Full Judgment Text
http://JUDIS.NIC.IN SUPREME COURT OF INDIA Page 1 of 6
PETITIONER:
M/S PROGRESSIVE FINANCERS, MADRAS
Vs.
RESPONDENT:
THE ADDITIONAL COMMISSIONER OF INCOME TAX,MADRAS-1, MADRAS,
DATE OF JUDGMENT: 20/02/1997
BENCH:
S.C. AGRAWAL, G.T. NANAVATI
ACT:
HEADNOTE:
JUDGMENT:
WITH
CIVIL APPEAL NOS. 2439-39A OF 1981
J U D G M E N T
NANAVATI, J.
The appellant in these three appeals is M/s.
Progressive Financers, a partnership firm. It came into
existence with execution of a partnership deed on 1.7.67. It
consisted of five partners. Out of them Sunitha Pratap was
minor and, therefore, she was admitted to benefits of
partnership. The capital of the partnership was fixed at
Rs.5 lacs and each partner had to contribute as follows
1. M.R. Rajakrishna ... Rs. 1,25,000/-
2. Minor Sunitha Pratap ... Rs. 1,87,500/-
3. W.S. Parthasarathy ... Rs. 62,500/-
4. W.S. Sethunarayan Babu ... Rs. 62,500/-
5. M.S. Rajeswari ... Rs. 62,500/-
For the assessment year 1967-68 it applied for
registration to the Income Tax Officer (for short the ’ITO’)

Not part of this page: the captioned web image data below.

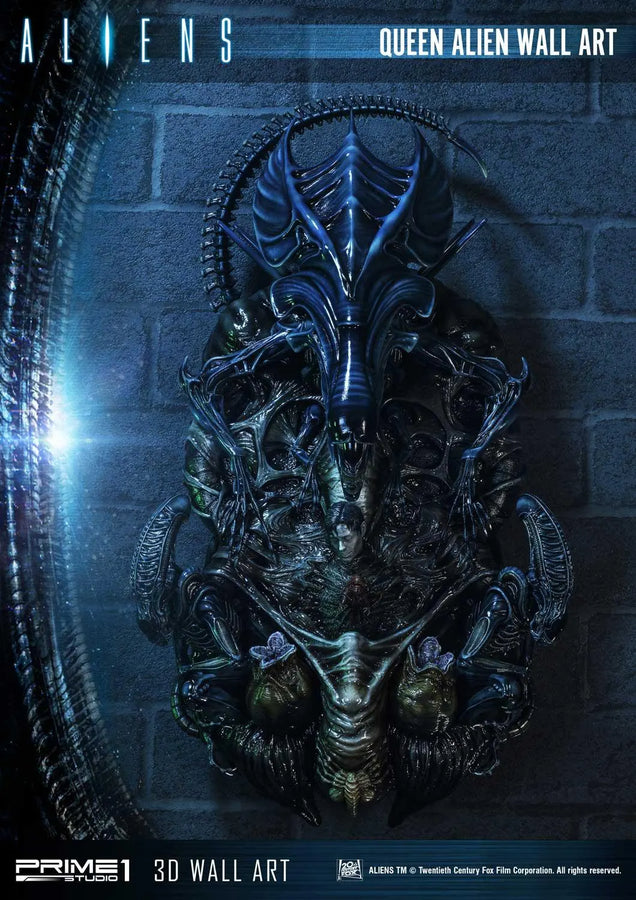 Queen Alien Wall Art (3D Wall Art Edition) Aliens (Film) – Prime1Studio – ActionFigure Brasil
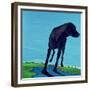 Joe's Black Dog (New View), 2000-Marjorie Weiss-Framed Giclee Print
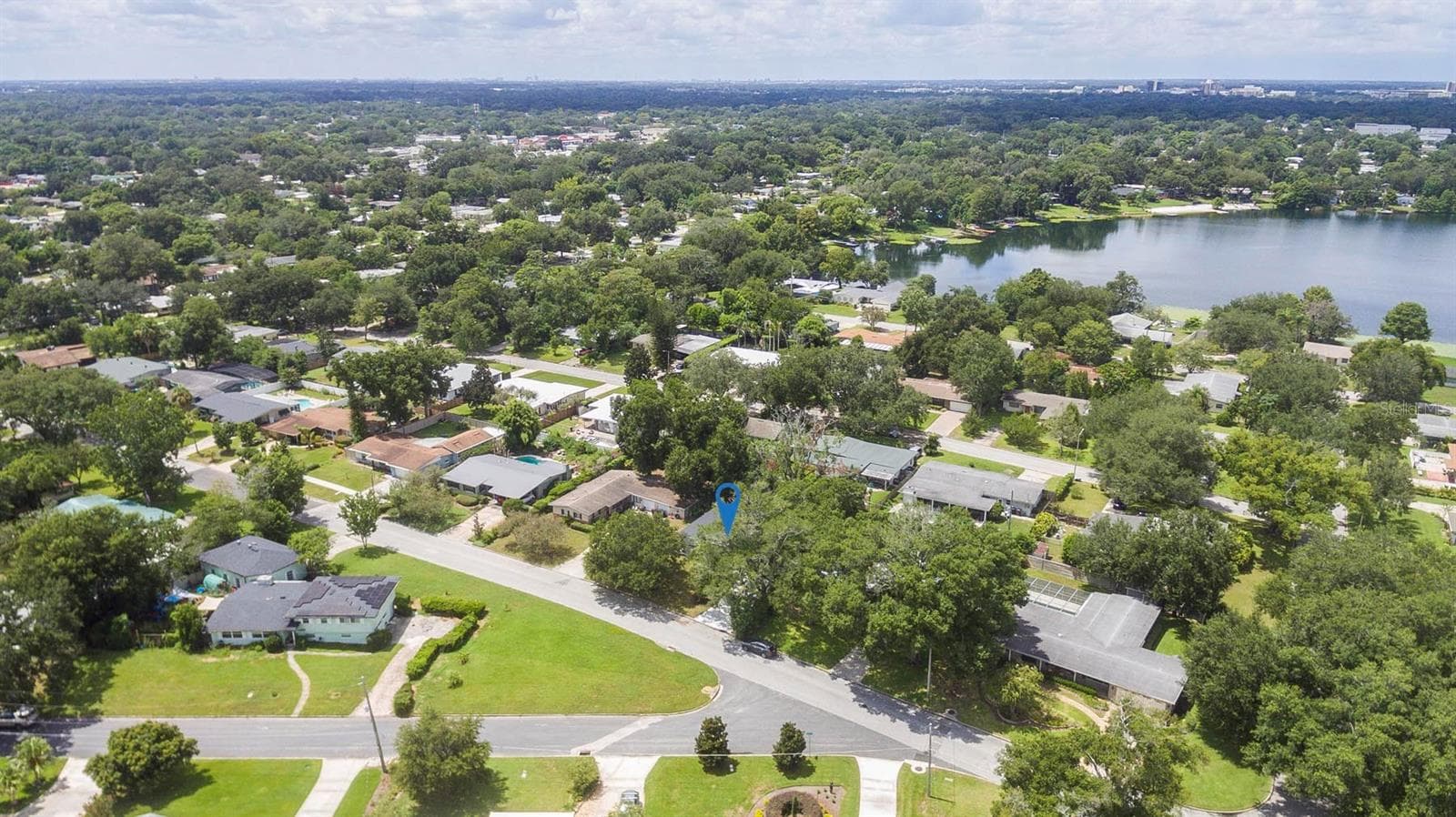 Aerial - 1008 BERWYN RD, ORLANDO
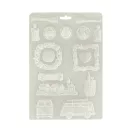Stamperia Silent Sea Öntőforma A4  Soft Mould (1 db)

under Section 184 of the Income Tax Act, 1961 (for short the
’Act’) on 31.3.68. For the assessment years 1969-70 and
1970-71 it applied for renewal of registration. The ITO
rejected the application for registration on 30.6.71. On the
same day, he passed an assessment order for the assessment
year 1968-69 treating the status of the appellant as
Association of Persons. Applications for renewal of
registration for the assessment years 1969-70 and 1970-71
were rejected on 13.3.72 and the assessment orders for those
years were again passed treating the appellant as
Association of Persons.
The appellant’s application for registration was
rejected by the ITO on the ground that through in the
opening paragraph of the partnership deed it was mentioned
that Sunitha Partap, a minor, was admitted to the benefits
of partnership, the relevant clauses in the partnership deed
indicated that she was taken as a full partner and,
therefore, the contract of partnership was void ab-initio.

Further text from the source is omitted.